Enceinte sacrée,
La veille au soir
«
Ah-ah-ah, ça n'a pas tardé. Montrez voir. »
Le type devant Emsar est un jeune homme, le genre qui se pense très beau mais qui est en fait d'une laideur repoussante. Bien bâti, il semble capable de roter l'alphabet et de danser le disco toute la nuit durant, sachant boire des pintes à la volée et raconter la dernière blague de la pute et des pédés à ses bimbos de plumard. Ce qu'Emsar voit, c'est un branle-couille fini, un mec qui n'a jamais du savoir que les boutons sur le visage s'enlèvent avec du savon, et pire encore, ce qu'il voit, c'est un roux. Emsar n'avait jamais aimé les roux. Ils étaient dégueulasses, et plein de tâches de rousseur. Chaque tâche formait à ses yeux une raison affichée pour laquelle ils ne devaient pas exister.

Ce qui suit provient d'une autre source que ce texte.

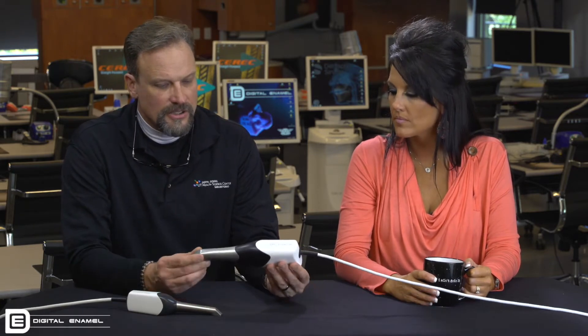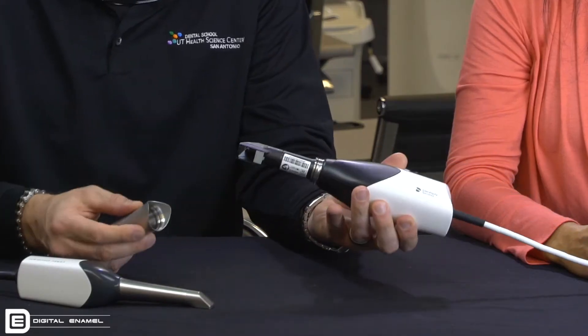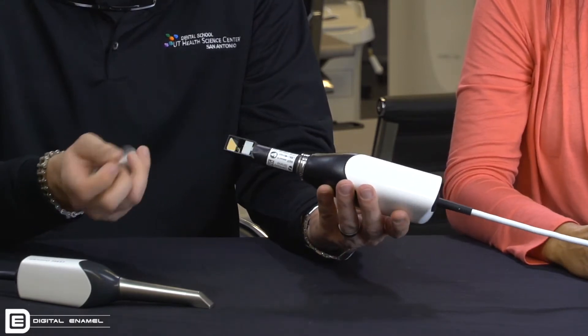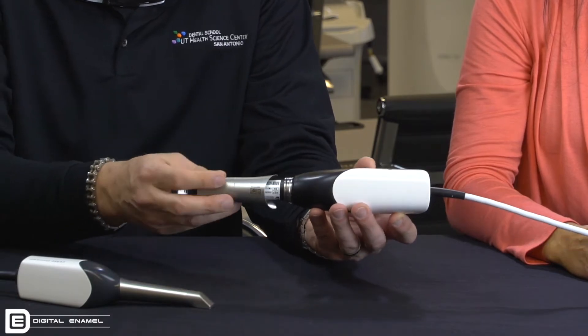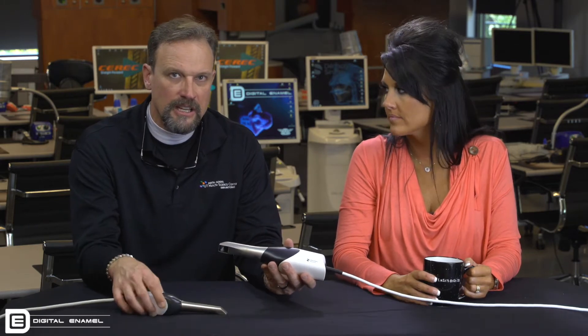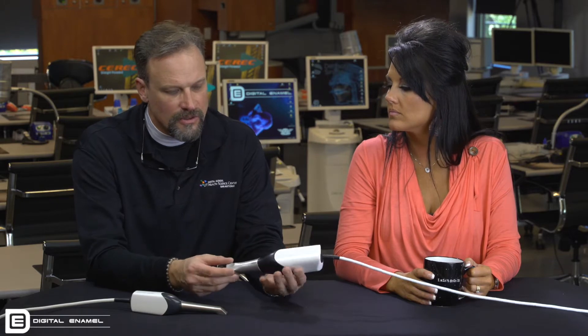The way the PrimeScan actually works — first of all, it has a tip that can be taken off, so there are multiple different tips for sterilization purposes. Everything is contained within the camera. There's also a disposable tip. The heating element is within the camera itself, whereas with the Omnicam the heating element is on the computer — it keeps the glass warm so it won't fog.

Je suis Dieu, et je marque les points négatifs de ce garçon autour de son nez. Emsar lui faisait la grâce de passer outre sa peau blanche comme une merde de laitier.
«
C'est bien, vous êtes gentil. J'y serais à temps. »
«
Bah, et mon pourboire ? »
«
J'ai la gueule d'un porte-monnaie ? »
Emsar claqua sa porte avec un sourire salace et alla se jeter sur son lit d'un bond calculé, atterrissant mains derrière la tête et pieds croisés. Il avait lustré ses bottes en peau de rancor et ses couteaux fétiches. Manque de pot, ces derniers ne seraient pas de la partie dès le départ. Il devait gagner, pas tuer l'autre d'en face. Il avait intérêt à être réglo avec ses salades de Mandaloriens.
Un Mando'A, rien que ça. Un guerrier de Mandalore, dans une arêne. On aurait pas rêvé plus con comme endroit pour ce genre de mec, surtout qu'il venait sur Kashhyk, une planète qui avait eu quelques souvenirs de pas mal de mercenaires à beskar, et pas forcément les meilleurs.
C'était le coup du beskar qui remuait les méninges d'Emsar. Si sa réputation était fondée, et apparemment c'était moins une légende qu'une vérité, c'était capable de résister aux sabres laser. Et à côté d'un truc qui chauffe tellement que ça tranche du n'importe quoi, son couteau c'était de l'outil de pédale. Moralité, c'était lui, la pédale. Aussi il avait poussé sa petite investigation sur l'Holonet. On trouvait toujours des vidéos pirates avec un Mandalorien dedans. Mais il n'avait rien trouvé, aussi avait-il
déduit ce qu'il fallait. Une armure est une armure, et il avait été au contact des Stormtroopers pendant longtemps pour connaître les points faibles de base d'une armure.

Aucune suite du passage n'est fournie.